**Required work**
When you reproduce the listing, keep every word as it is and drop the pictures.

**Supplied material**
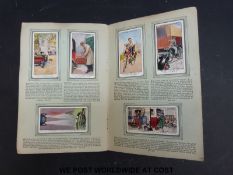 A collection of cigarette card albums including Godfrey Phillips aircraft, John Player aircraft,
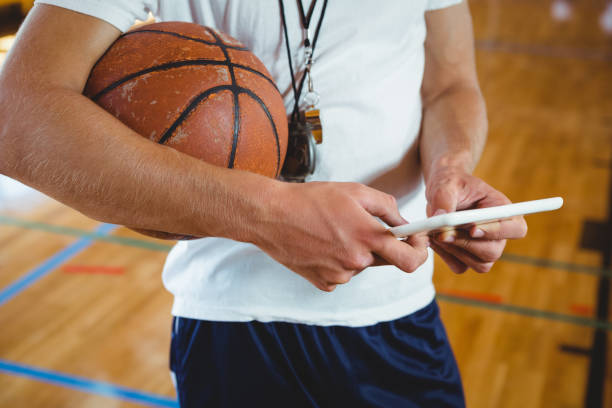 istock Close up midsection of male coach using digital tablet 823792974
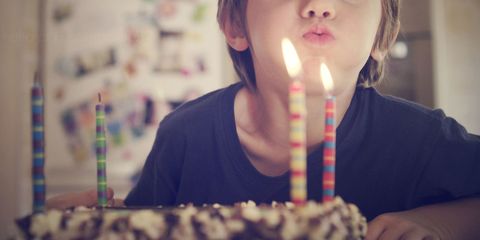 Boy Blowing Out Birthday Candles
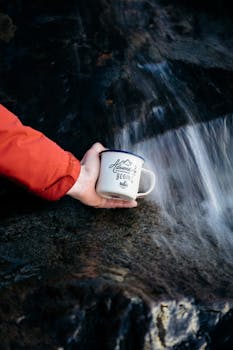 苏格兰高地的瀑布下，有人手持杯子，冒险正等待着
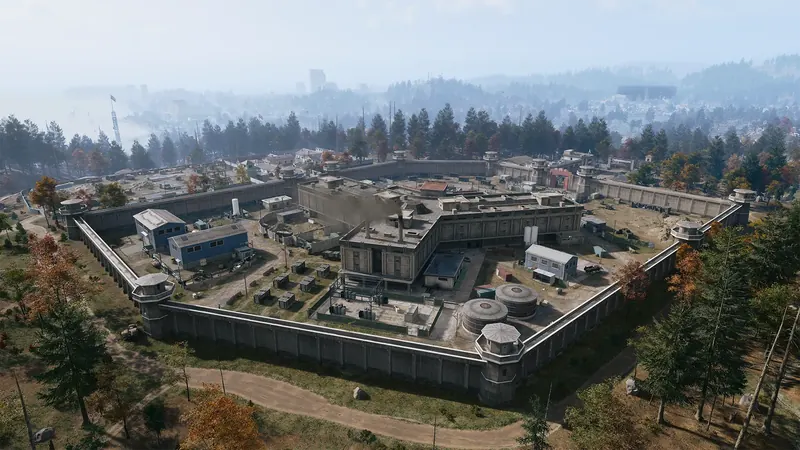 Aerial view of a large prison complex enclosed by concrete walls and guard towers, surrounded by dense forest.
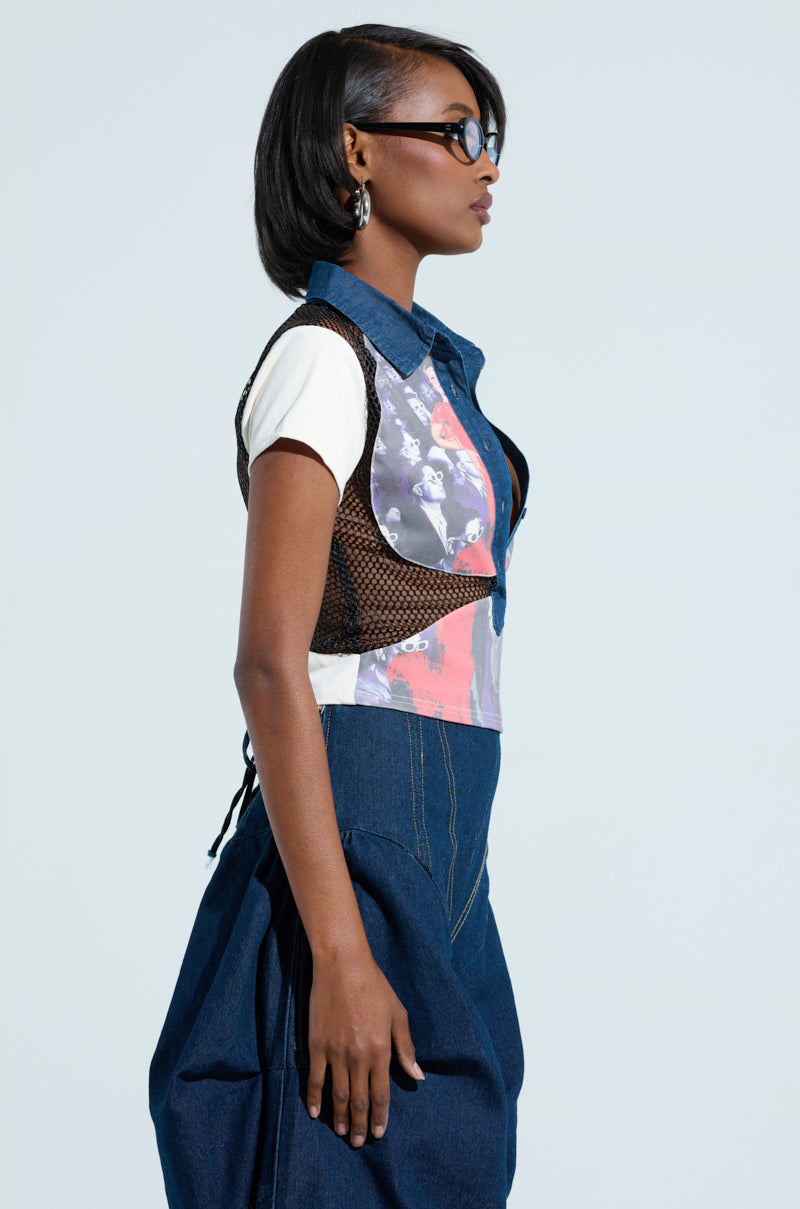 A person with short hair wearing sunglasses, the Edgy Diva Short Sleeve Netted T-shirt layered beneath a fishnet mesh vest, and high-waisted denim trousers stands in profile against a plain background.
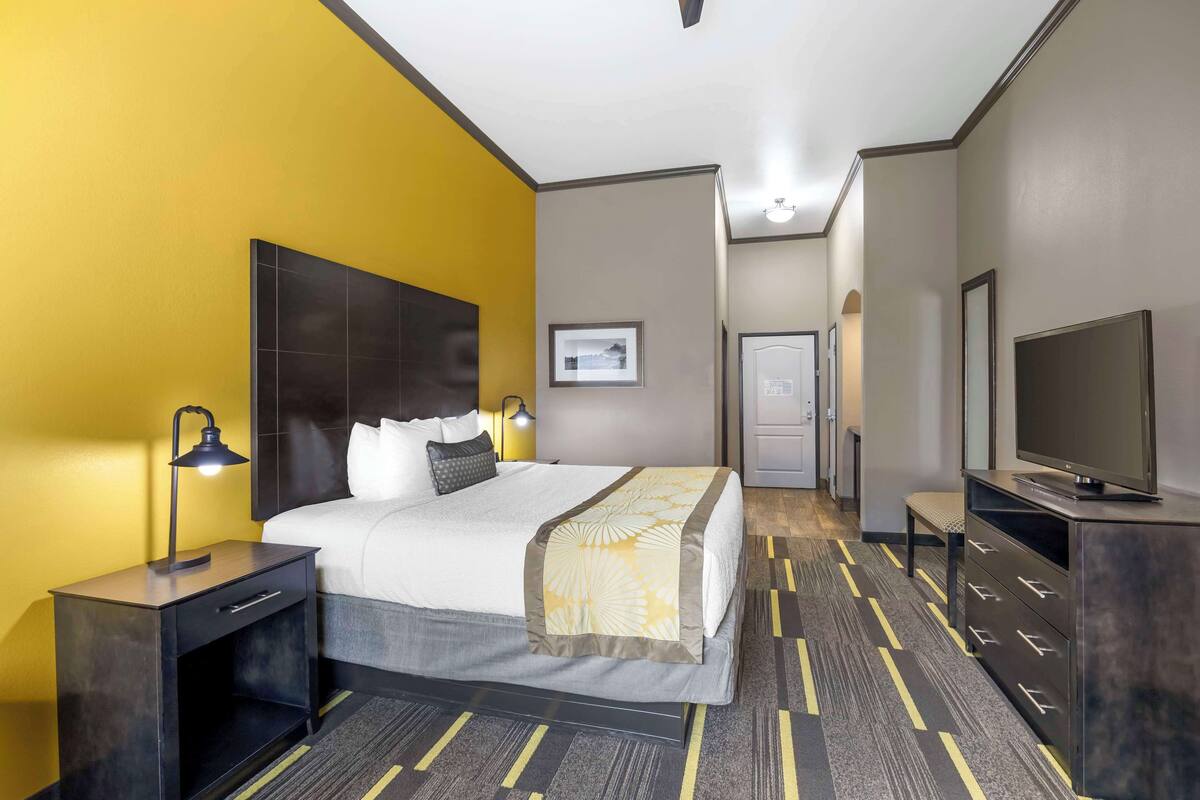 A hotel room with a bed, bedside table, lamp, TV, and a door leading to a hallway.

**Solution to the problem**
 A collection of cigarette card albums including Godfrey Phillips aircraft, John Player aircraft,
 istock Close up midsection of male coach using digital tablet 823792974
 Boy Blowing Out Birthday Candles
 苏格兰高地的瀑布下，有人手持杯子，冒险正等待着
 Aerial view of a large prison complex enclosed by concrete walls and guard towers, surrounded by dense forest.
 A person with short hair wearing sunglasses, the Edgy Diva Short Sleeve Netted T-shirt layered beneath a fishnet mesh vest, and high-waisted denim trousers stands in profile against a plain background.
 A hotel room with a bed, bedside table, lamp, TV, and a door leading to a hallway.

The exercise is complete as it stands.